[Opening Task inputs section]

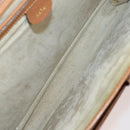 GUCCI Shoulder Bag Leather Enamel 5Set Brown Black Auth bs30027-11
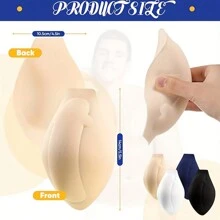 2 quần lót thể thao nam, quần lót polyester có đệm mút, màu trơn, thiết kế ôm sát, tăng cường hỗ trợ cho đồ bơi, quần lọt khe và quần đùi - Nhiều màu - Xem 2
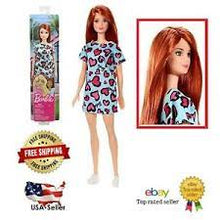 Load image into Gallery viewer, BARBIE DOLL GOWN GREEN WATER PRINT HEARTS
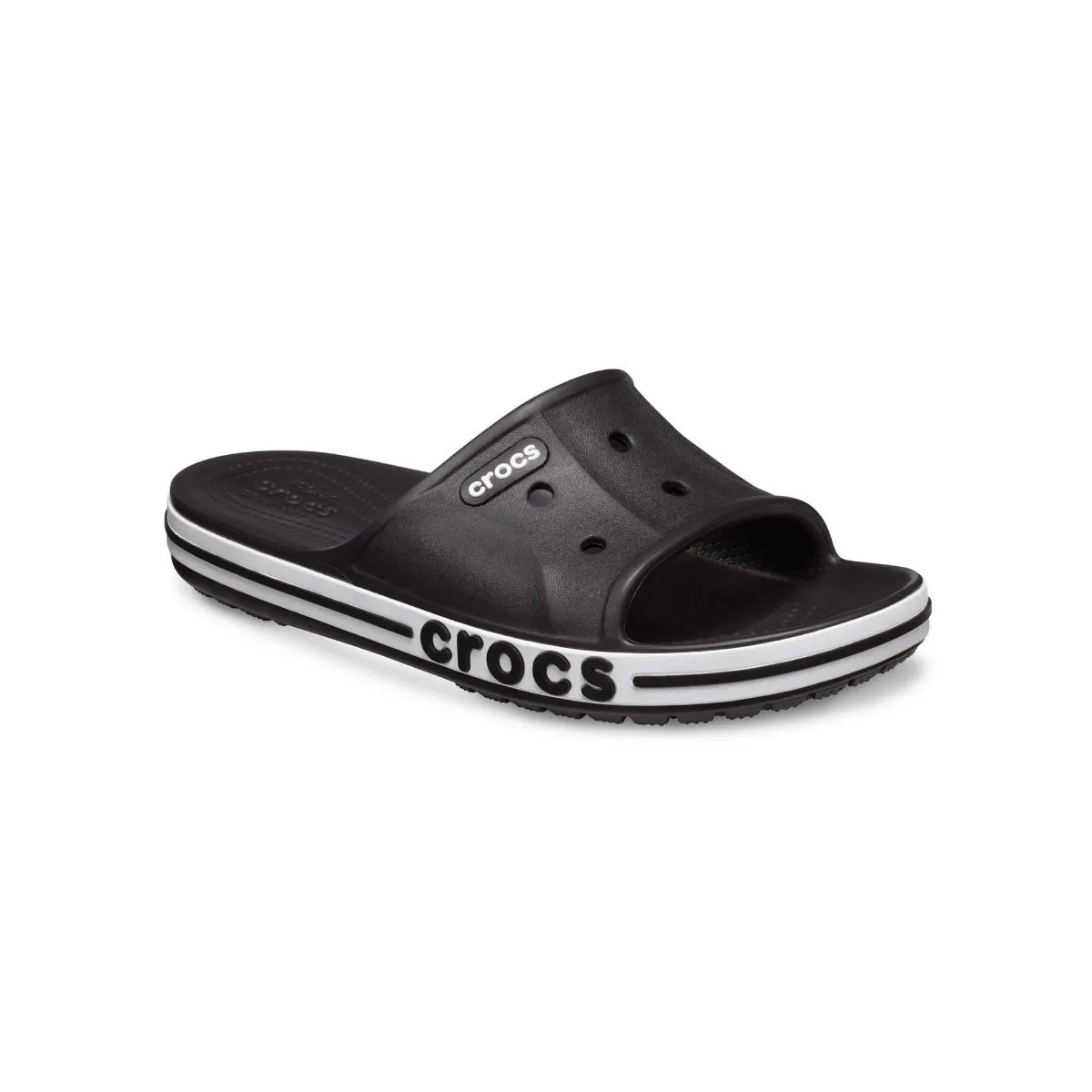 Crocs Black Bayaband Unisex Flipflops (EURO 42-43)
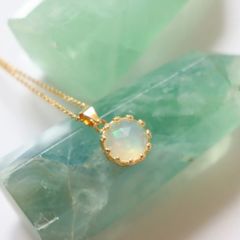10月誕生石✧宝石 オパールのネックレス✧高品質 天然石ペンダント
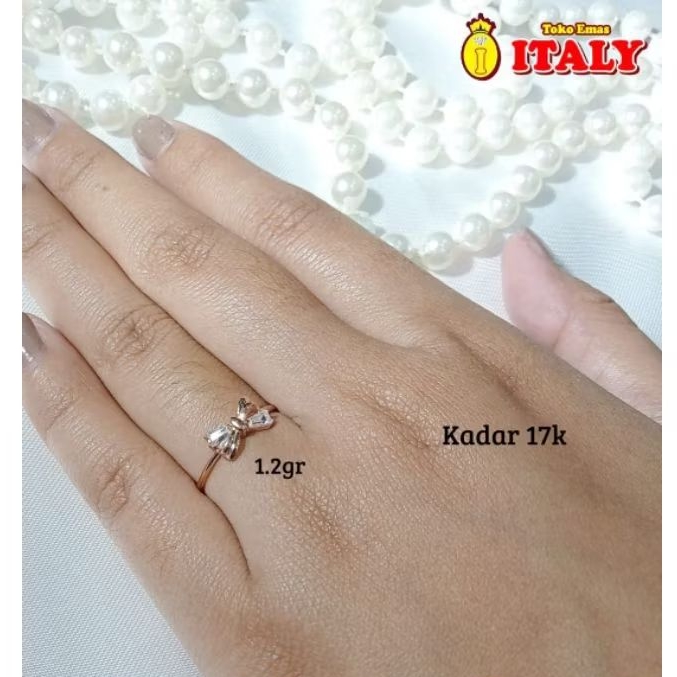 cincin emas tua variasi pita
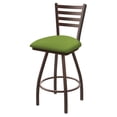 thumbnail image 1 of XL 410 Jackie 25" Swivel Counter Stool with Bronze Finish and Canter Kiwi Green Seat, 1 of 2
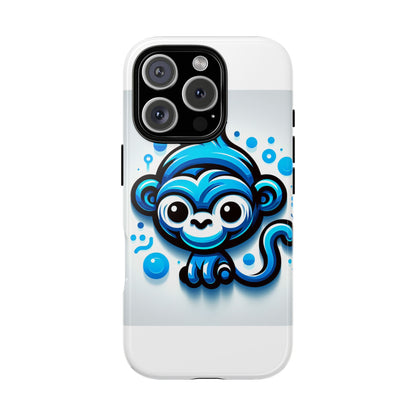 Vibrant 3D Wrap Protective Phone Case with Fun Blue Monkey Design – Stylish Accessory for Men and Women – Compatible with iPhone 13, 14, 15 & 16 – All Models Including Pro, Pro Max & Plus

[Closing Task inputs section]

The lines from the one containing "thumbnail image 1" through the final line of the data are to be repeated exactly, with both ends included and all pictures left out.

* Exercise response
 thumbnail image 1 of XL 410 Jackie 25" Swivel Counter Stool with Bronze Finish and Canter Kiwi Green Seat, 1 of 2
 Vibrant 3D Wrap Protective Phone Case with Fun Blue Monkey Design – Stylish Accessory for Men and Women – Compatible with iPhone 13, 14, 15 & 16 – All Models Including Pro, Pro Max & Plus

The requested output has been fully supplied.